By Clara Ferreira Marques
It’s not that solar and wind are unable to replace fossil fuels. They have made huge strides, and costs have deflated dramatically. Without nuclear, though, achieving a transition in the necessary time frame requires extraordinary extra effort and cost — around $1.6 trillion in additional investment in the electricity sector of advanced economies between 2018 and 2040, according to the IEA. That’s a big number even from a body that has admittedly underestimated renewables before. It also wastes an existing resource.
To cut emissions in the electrical sector by the 45% needed to keep global warming to 1.5 degrees Celsius would require adding by 2030 as much as four times the total solar and wind capacity built over the past two decades, BloombergNEF founder Michael Liebreich estimated last year. Adding transport, heating and industry would raise that to as much as 15 times the current installed capacity, he said. The IEA, meanwhile, reckons that wind and solar capacity has increased by about 580 gigawatts in advanced economies over the past two decades — and that offsetting nuclear’s decline will mean adding five times that in the next 20 years.

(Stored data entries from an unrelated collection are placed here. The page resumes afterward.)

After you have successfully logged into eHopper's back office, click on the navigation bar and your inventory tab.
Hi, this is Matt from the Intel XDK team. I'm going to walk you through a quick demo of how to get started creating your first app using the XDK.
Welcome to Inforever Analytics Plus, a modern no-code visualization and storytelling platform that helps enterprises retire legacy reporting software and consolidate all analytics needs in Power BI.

For an idea of scale, consider Liebreich’s example: In 2018, German utility EON SE’s Isar-2 nuclear power plant in Bavaria wasn’t far off producing the same amount of clean energy as all the wind turbines in Denmark. Then consider that nuclear operates more than 90% of the time — a reliable base for fluctuating wind and solar — and occupies less space.

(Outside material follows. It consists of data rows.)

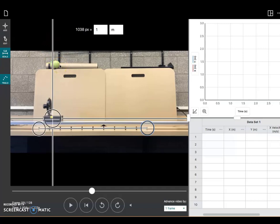Now, since this cart is only moving in the X dimension, I don't care about any of the data that's collected in the Y dimension. The software is going to go ahead and collect it automatically. But I'm just going to ignore all the data that deals with motion in the Y dimension.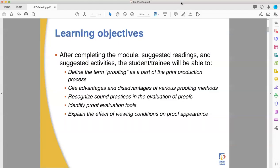Hello, and welcome back one last time to the Fullerton College pre-press class. That's a combined lecture for Print 75 and 77. This is Professor Ben Hewitt. We will be going through our last chapter in the pre-press trainees manual from the PIA. This is section 3.7, proofing.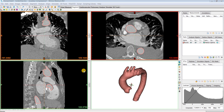In this video, I will review the centerline tool in version 20 of the Mimics Innovation Suite. This tool allows you to calculate the center points along a tubular structure, take measurements of the anatomy, and then export these measurements as a text file. Typically, this tool is used for cardiovascular and pulmonary applications, but could really be used for any anatomy that has a tubular morphology.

What about the economics? Here, the picture is less positive. While the cost of solar has plummeted, nuclear has soared. Extending the life of existing plants, where possible, is still a no-brainer, especially if a reasonable carbon price is included in the calculation. Many of these hulking plants are now fully depreciated.

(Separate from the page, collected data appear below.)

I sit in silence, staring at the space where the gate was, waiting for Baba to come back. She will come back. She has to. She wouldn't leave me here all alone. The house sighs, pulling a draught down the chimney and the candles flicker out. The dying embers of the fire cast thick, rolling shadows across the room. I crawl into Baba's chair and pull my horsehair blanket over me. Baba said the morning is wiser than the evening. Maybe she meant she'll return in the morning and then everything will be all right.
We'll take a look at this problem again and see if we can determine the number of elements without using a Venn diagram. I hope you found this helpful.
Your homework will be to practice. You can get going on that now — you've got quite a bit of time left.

A sustainable reduction in carbon, though, requires new plants — and the industry has done itself no favors. Experiences over the past decade or so will deter future construction, with rare exceptions like Britain. Projects have overrun, and costs have soared. The most egregious examples are Electricite de France SA’s Flamanville nuclear plant, now more than a decade behind schedule and expected to start around 2023; and the Hinkley Point C reactor in England, delayed and based on an eye-watering energy purchase price of 92.50 pounds ($114) per megawatt-hour in 2012 money, guaranteed for 35 years. Even China has hit delays in Taishan.
None of this, though, should obviate a discussion on how to do it better, with more design standardization, some innovation and simply by repeating proven construction practices, as suggested in a 2018 Massachusetts Institute of Technology study. Including nuclear in green recovery plans can accelerate that process. The push toward smaller, modular reactors will help too, though large-scale application may be some time away.
Popular worries about safety, waste and decommissioning are understandable — even if a comparison of fatalities per terawatt hour shows other forms of energy are far deadlier, given air pollution and industrial accidents. There is a messy geopolitical layer here, too, as China and Russia enthusiastically use subsidized projects as diplomatic tools.
For now, though, it needs to be an option on the table. The carbon cost of ignoring nuclear is just too great.